**Exercise material**

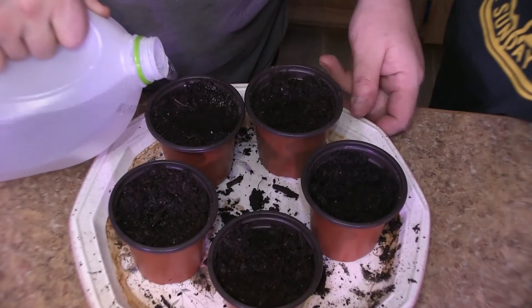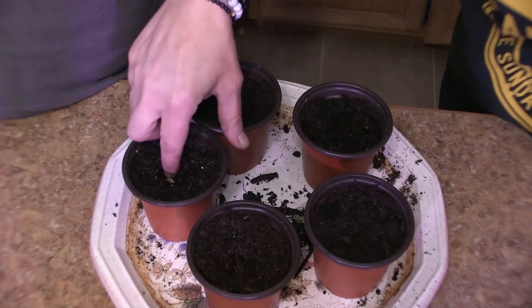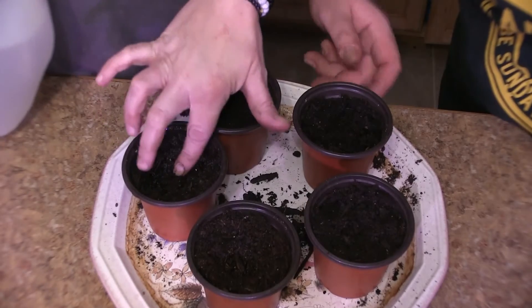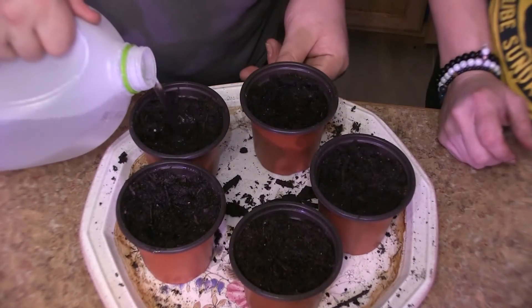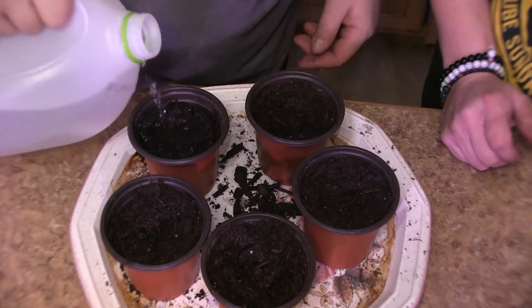And hopefully the secret weapon of ours is our own harvested water. The family's been gathering water for 70 years and we carry on that tradition.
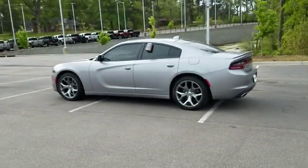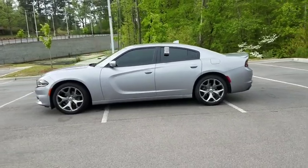This vehicle has less than 40,000 miles. Here are some of this vehicle's great options.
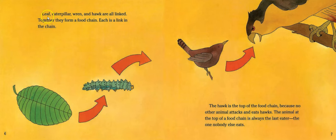Leaf, caterpillar, wren, and hawk are all linked together — they form a food chain. Each is a link in the chain. The hawk is the top of the food chain because no other animal attacks and eats hawks.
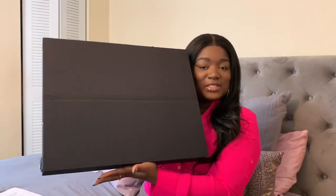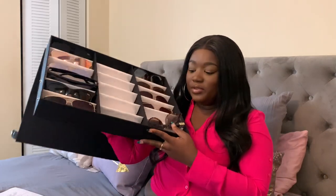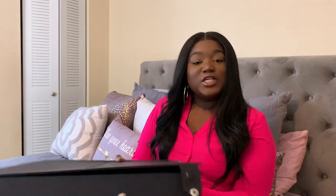Okay you guys, before we get started I'm about to show you guys my cute little sunglass case I just purchased from Amazon. I love this case — it's not full because obviously I gotta buy more shades, but look at this, it is so cute. I'll be going over these shades for you guys today. I have the details of this case linked down below.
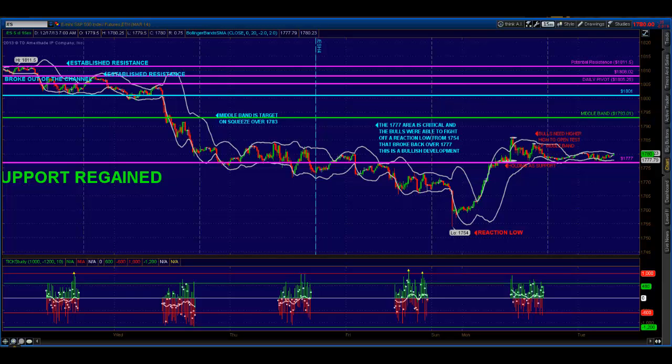Good morning everybody. Mike Bakke, PrincetonTrader.com, here for NTMarkets.com with your Tuesday morning pre-market webcast.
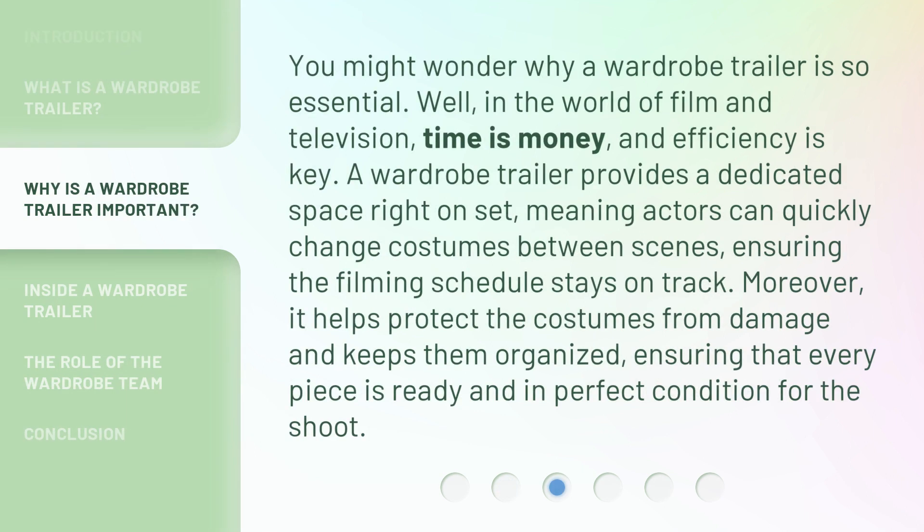You might wonder why a wardrobe trailer is so essential. Well, in the world of film and television, time is money, and efficiency is key. A wardrobe trailer provides a dedicated space right on set, meaning actors can quickly change costumes between scenes, ensuring the filming schedule stays on track. Moreover, it helps protect the costumes from damage and keeps them organized, ensuring that every piece is ready and in perfect condition for the shoot.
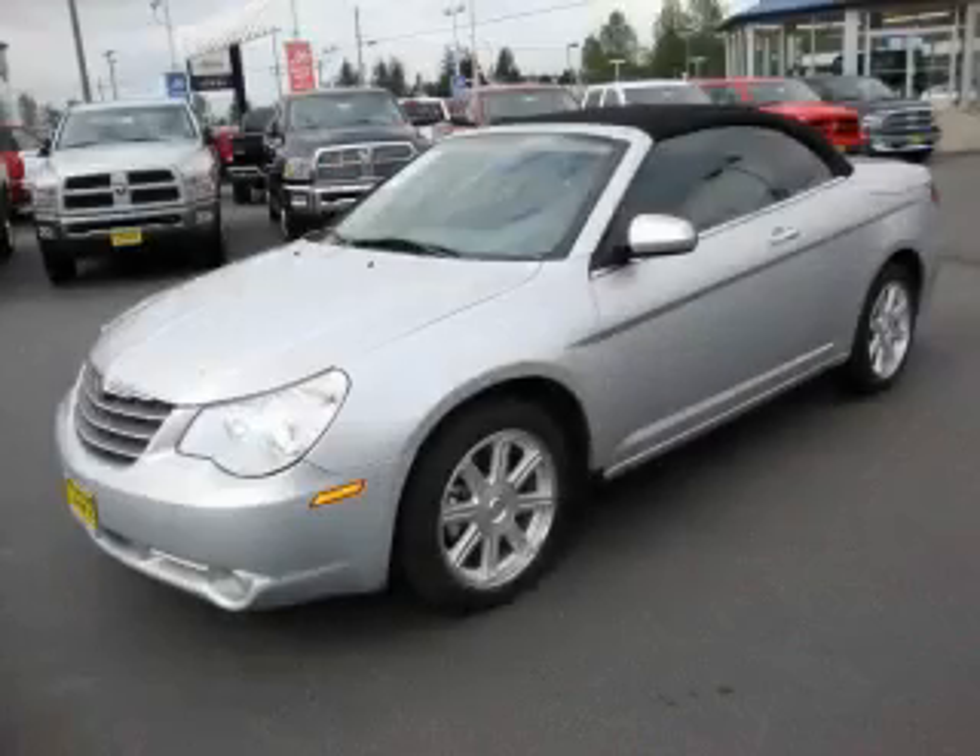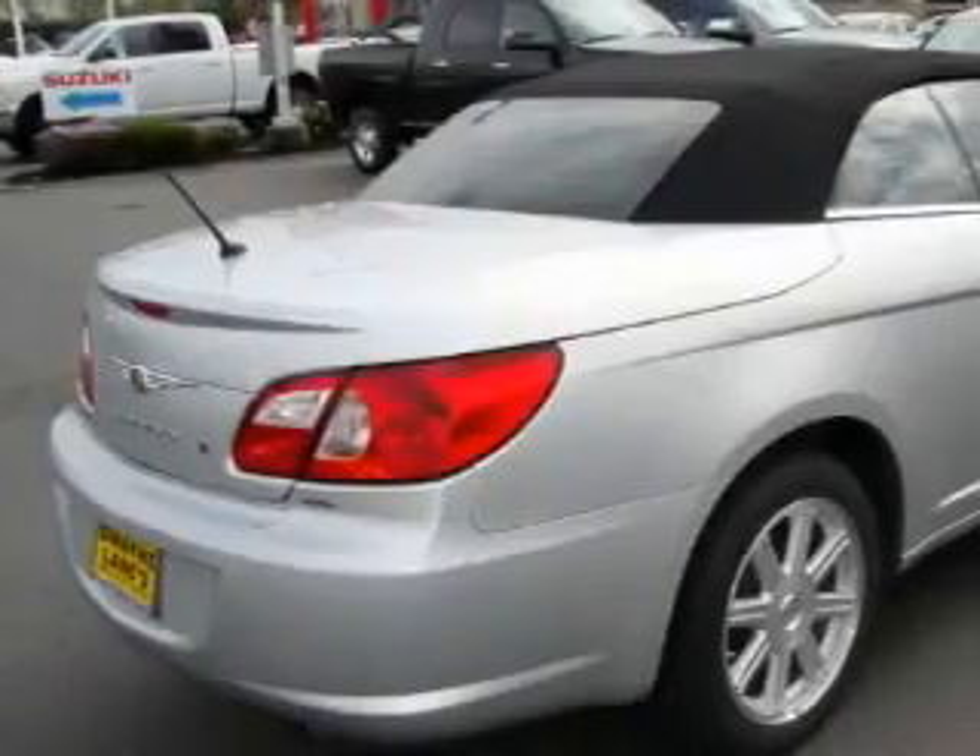This is a 2008 Chrysler Sebring. It has a 3.5-liter six-cylinder engine and an automatic transmission.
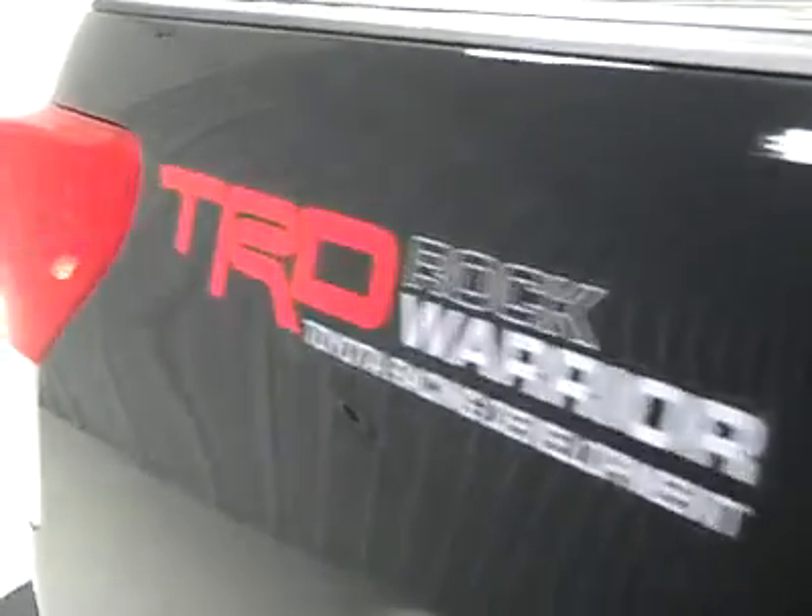Down this side of the truck you can see that there are absolutely no dents, dings, or scratches, or imperfections. TRD Rock Warrior package.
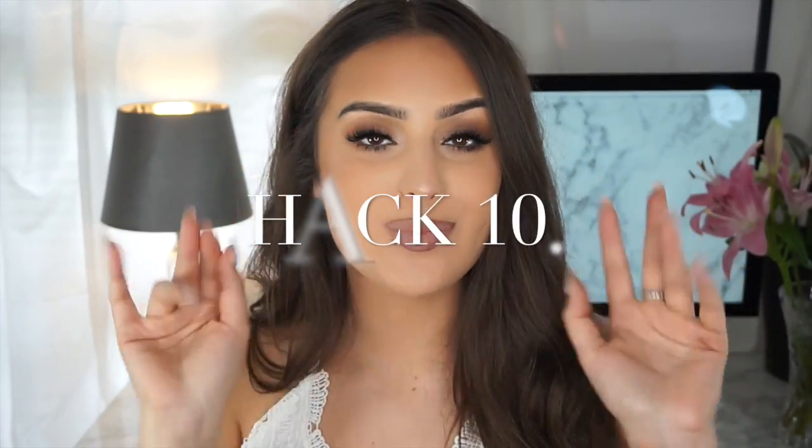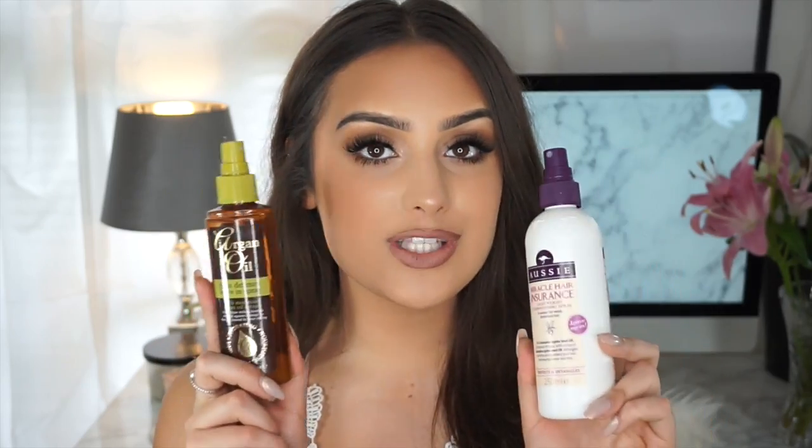Hack number ten, my last hack: this is something I do daily for my hair. I have quite dry hair so I use hair masks at least twice a week because the dead ends are awful and I use a lot of heat on my hair. For when I'm drying it and still want it to look healthy, I use two products. If you're not from England you might be able to find them on Amazon or eBay.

**Exercise objective**
Nothing but the lines from the one holding "Down this side" through the last line of the entries should be written out, exactly and inclusively, minus the pictures.

**Exercise answer**
Down this side of the truck you can see that there are absolutely no dents, dings, or scratches, or imperfections. TRD Rock Warrior package.
Hack number ten, my last hack: this is something I do daily for my hair. I have quite dry hair so I use hair masks at least twice a week because the dead ends are awful and I use a lot of heat on my hair. For when I'm drying it and still want it to look healthy, I use two products. If you're not from England you might be able to find them on Amazon or eBay.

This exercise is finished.